Como estaba prohibido disfrutábamos perdiéndonos en la Rambla y bajando al viejo cauce que en nuestro imaginario representaba una sucursal del paraíso. La Rambla de aquel tiempo tenía el perfume de los lugares fronterizos donde llegaban las tribus de niños de todos los barrios huyendo de las miradas de la ciudad. Aquel inmenso cauce destartalado y sucio fue durante años una herida abierta en el costado de la ciudad, una cicatriz que le recordaba su condición de pueblo pobre y su pasado de avenidas y catástrofes.  La Rambla fue también un basurero improvisado donde se depositaban los escombros de las obras, los muebles viejos y los desperdicios. Después de la guerra, el lugar llegó a tal grado de degeneración que se convirtió en un cementerio de animales y en el retrete público donde bajaba la gente para hacer sus necesidades. 



El ayuntamiento, en su intento por adecentar el cauce, incrementó la vigilancia en la zona, estableció multas para todo el que abandonara un animal o depositara basura, y a la vez emprendió la repoblación forestal de la Rambla con la implantación de 3.800 moreras traídas de Murcia y Orihuela. De  esta forma, se unía a un proyecto nacional que invitaba a todos los municipios de España a “repoblar el país de moreras para contribuir a la riqueza de la patria”.

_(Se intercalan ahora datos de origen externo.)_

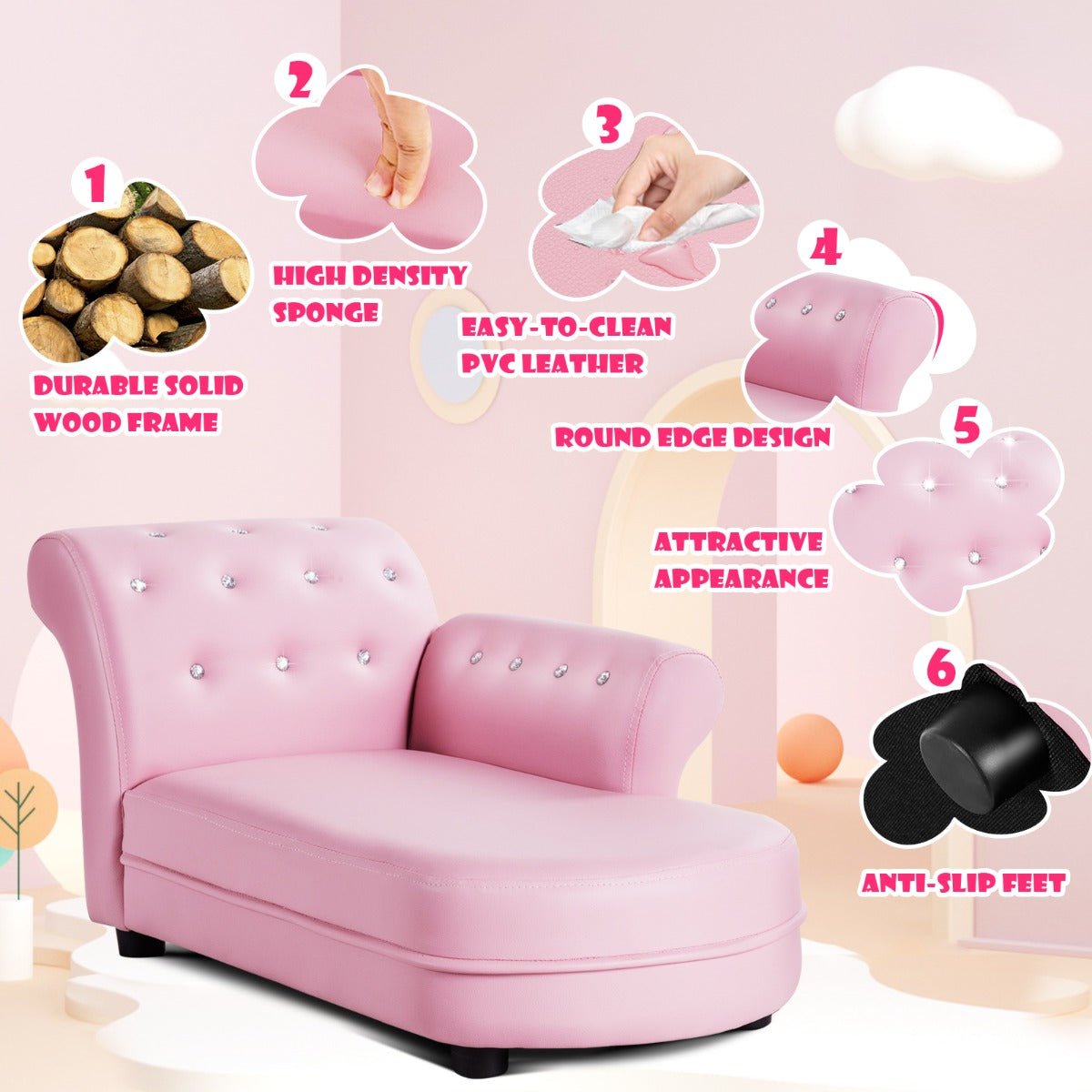 Pink Kids Sofa: PVC Leather and Crystal Embellishments - Cozy Retreat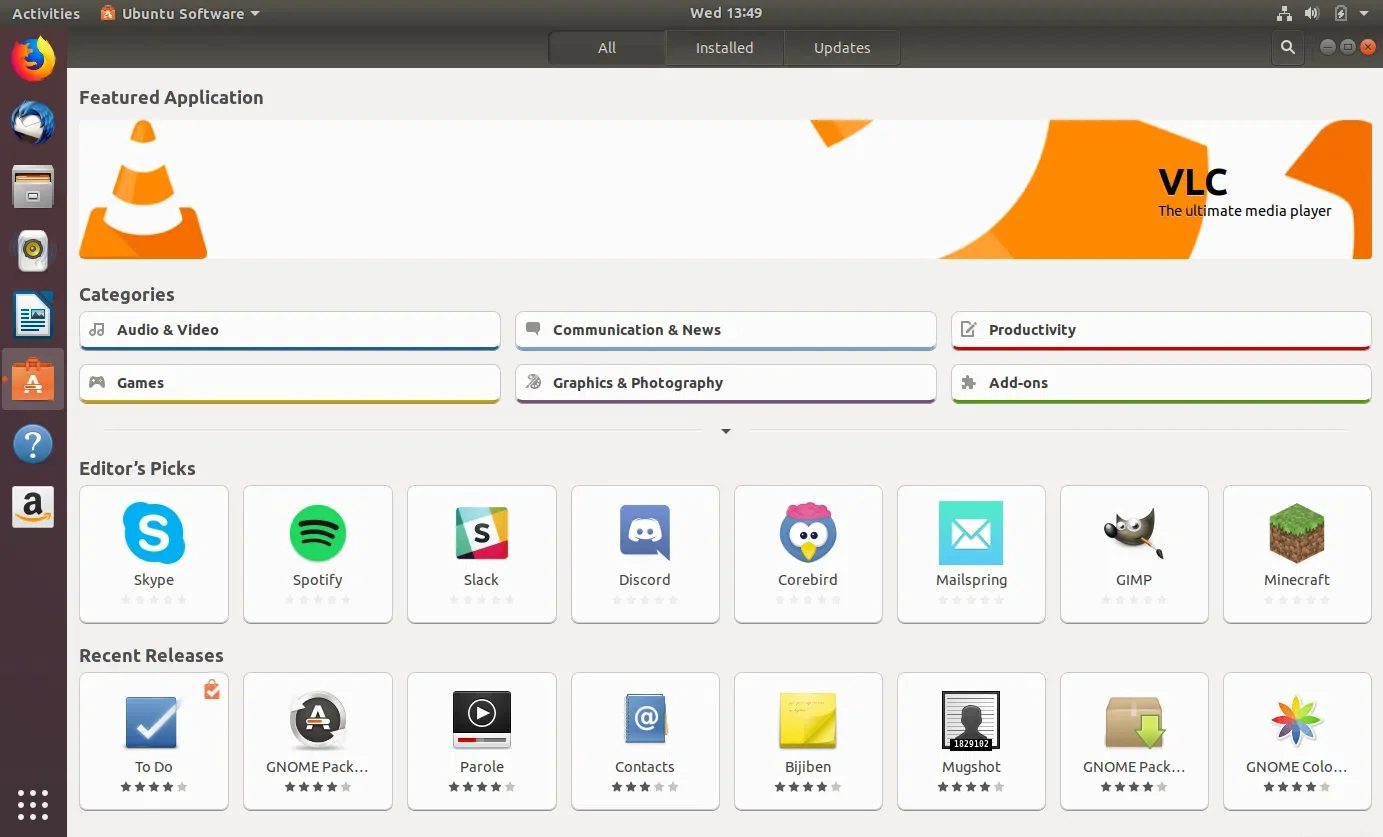 Tela do Ubuntu 18.04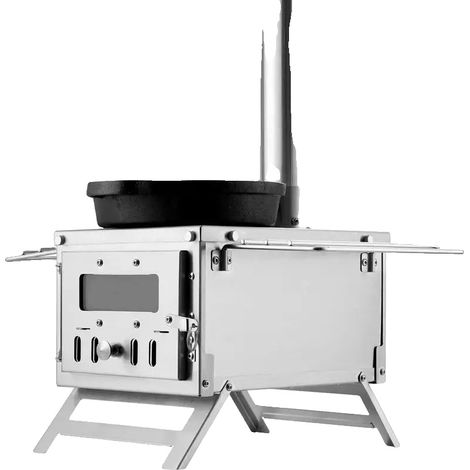 Poêle à bois, 80 pouces, design portable, noir (1/2)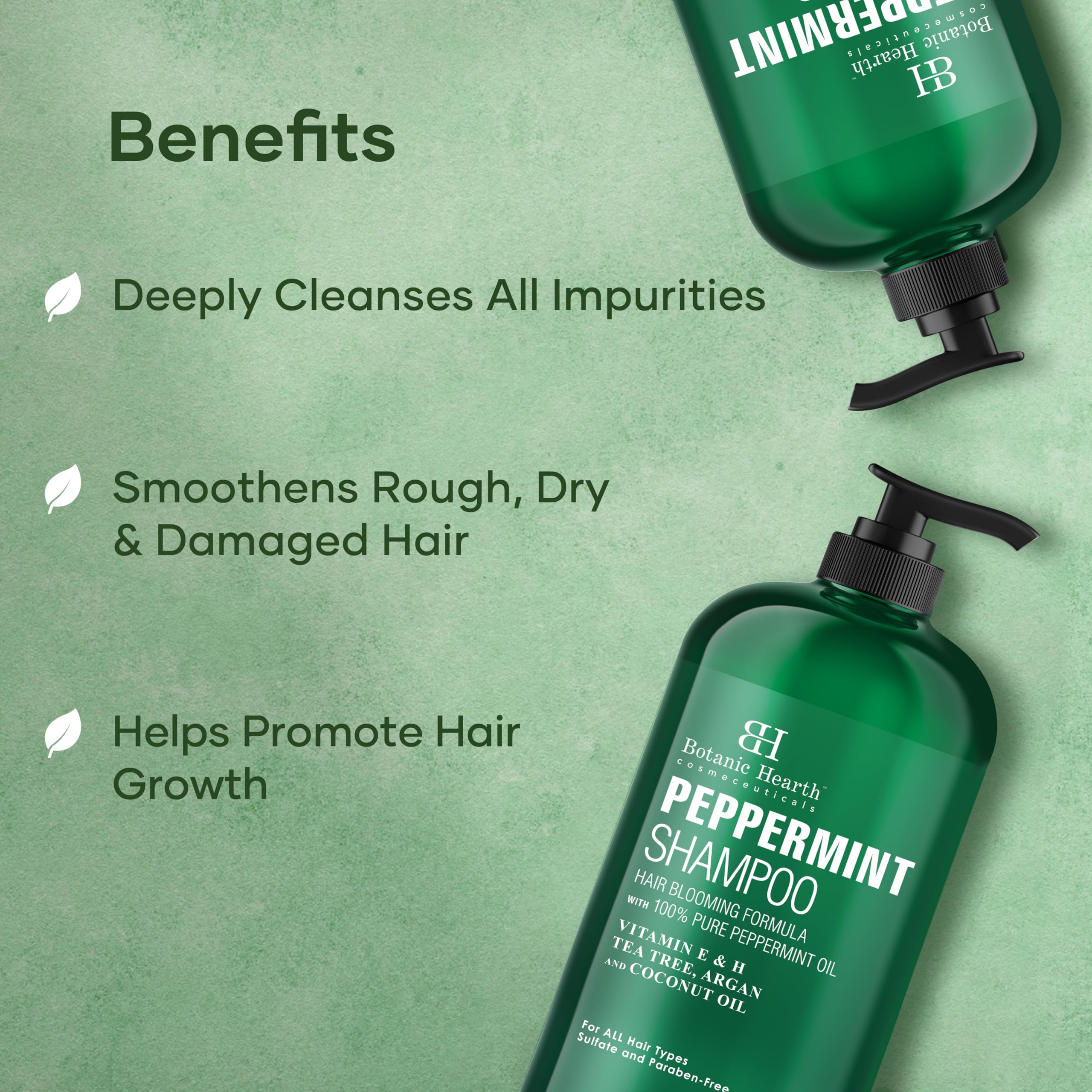 Botanic Hearth Shampoing Menthe: kératine pour cheveux plus forts et épaissis.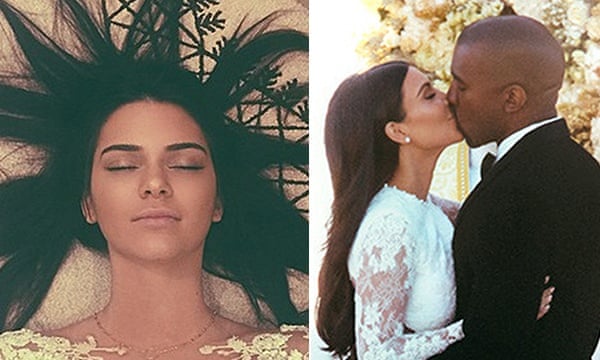 Kendall Jenner and Kim Kardashian's wedding day Instagram
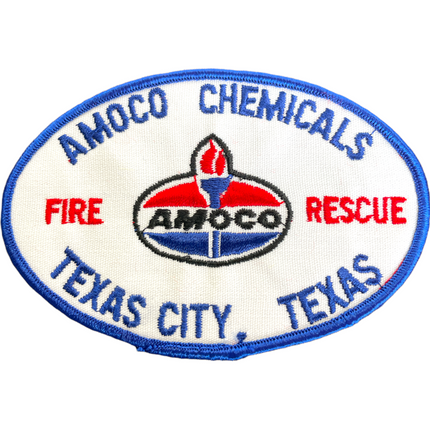 Vintage Amoco Chemicals Fire Resue Texas City Texas 3.5” Sew On Oval Patch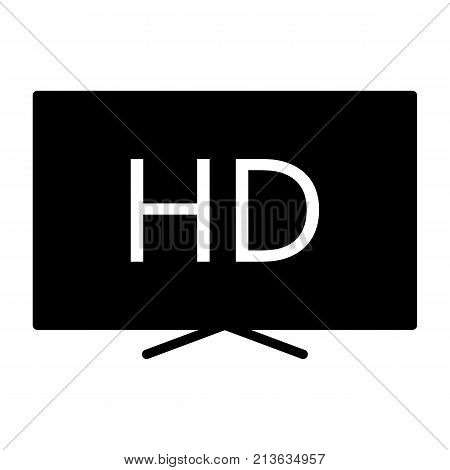 Hd television silhouette icon. TV, video symbol. 96x96 for Web Graphics and Apps.  Simple Minimal Pictogram. Vector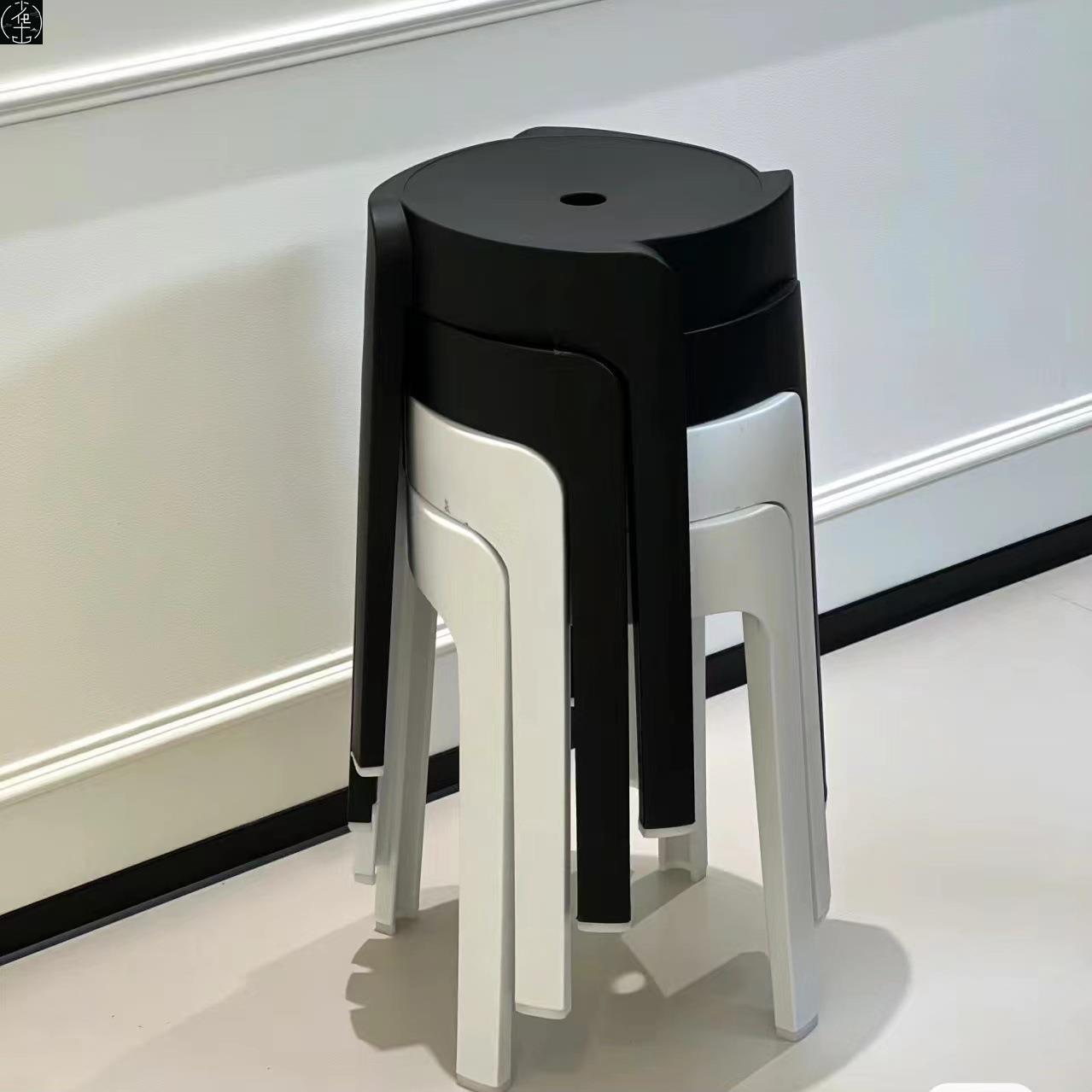 Nordic round stool plastic adult stackable high table chair1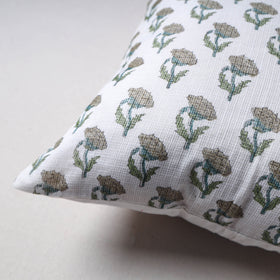 Sanganeri Floral Print Kota Doria Cushion Cover (16 x 16 in) 44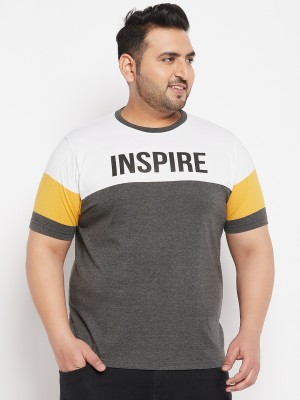 Austivo Striped Men Round Neck Grey, White, Yellow T-Shirt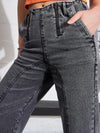 Women Grey Washed Zipper Detail Straight Jeans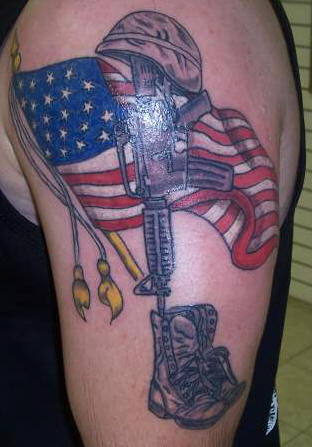 Military Us Army Flag And Gun Tattoo Military Us Army Flag And Gun Tattoo
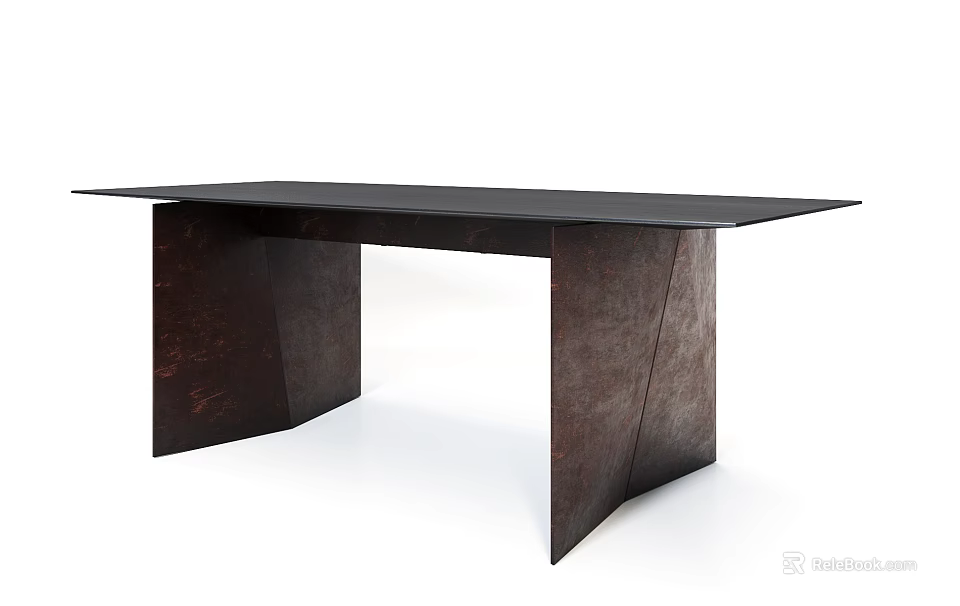 Stylish Modern Dining Table With Black Tabletop And Dark Brown Geometric Legs 3d model 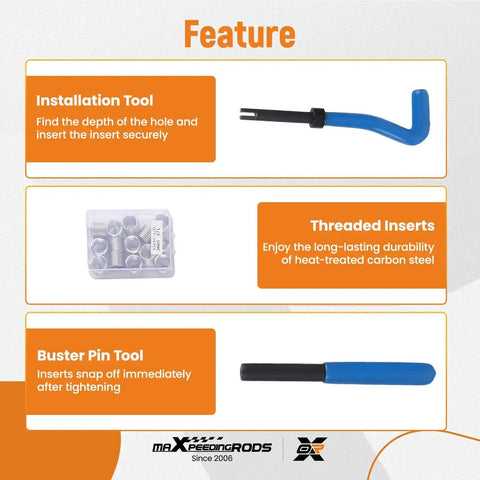 320 Piece Helicoil Thread Repair Kit With Metric And SAE Thread Restorer Set installation tool, threaded inserts, buster pin tool.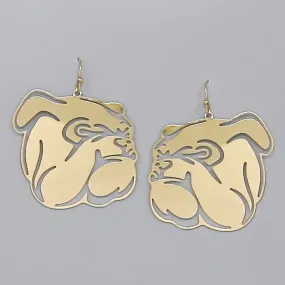 Bulldog Cutout Filigree Earrings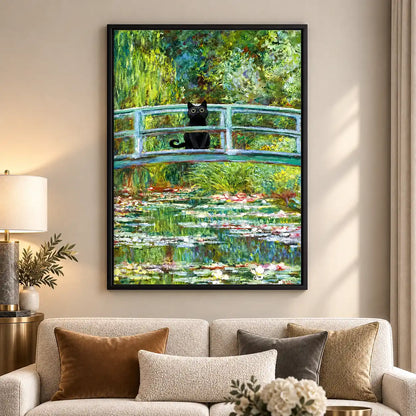 Black Cat On Garden Bridge Wall Art 5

En el invierno de 1943 se inició la plantación masiva a cargo de una centuria de Aprendices y otra de Rurales de las Falanges Juveniles de Franco. Los jóvenes voluntarios formaron grupos de trabajo que los domingos, desde el amanecer, se iban turmando para llenar de árboles los dos lados del cauce.



Las moreras de la dictadura humanizaron la Rambla y llenaron de niños aquellos parajes desiertos. Por primavera, llegaban de todos los barrios para coger las hojas de mora con las que alimentaban a los gusanos de seda que criaban en sus casas, metidos en cajas de zapatos. Muchos nos dedicamos a criar gusanos por el placer que significaba cruzar la ciudad y fugarse hasta la Rambla. 


Las moreras sirvieron para integrar en la ciudad aquel tramo de río seco que iba desde el badén del Barrio Alto hasta el mar. Ir a la Rambla se conviritió en una necesidad cada vez que llegaba el tiempo de los gusanos, cuando el cauce se llenaba de vida con la presencia agitadora de los niños, que tanto molestaba a los vecinos. 


Fueron numerosas las quejas que cada año se presentaban en forma de denuncias en el ayuntamiento, pidiendo que se pusiera remedio a aquel ‘asalto’ a los árboles, que ponía en peligro la integridad de las moreras debido al destrozo indescriminado de las ramas; daños que la mayoría de las veces se hacían de forma accidentel, involuntaria, mientras que los niños trepaban para buscar las hojas, y otras a conciencia, cuando los muchachos quebraban las ramas para fabricarse con ellas los tirachinas que utilizaban después para cazar pájaros y para jugar a las guerrillas.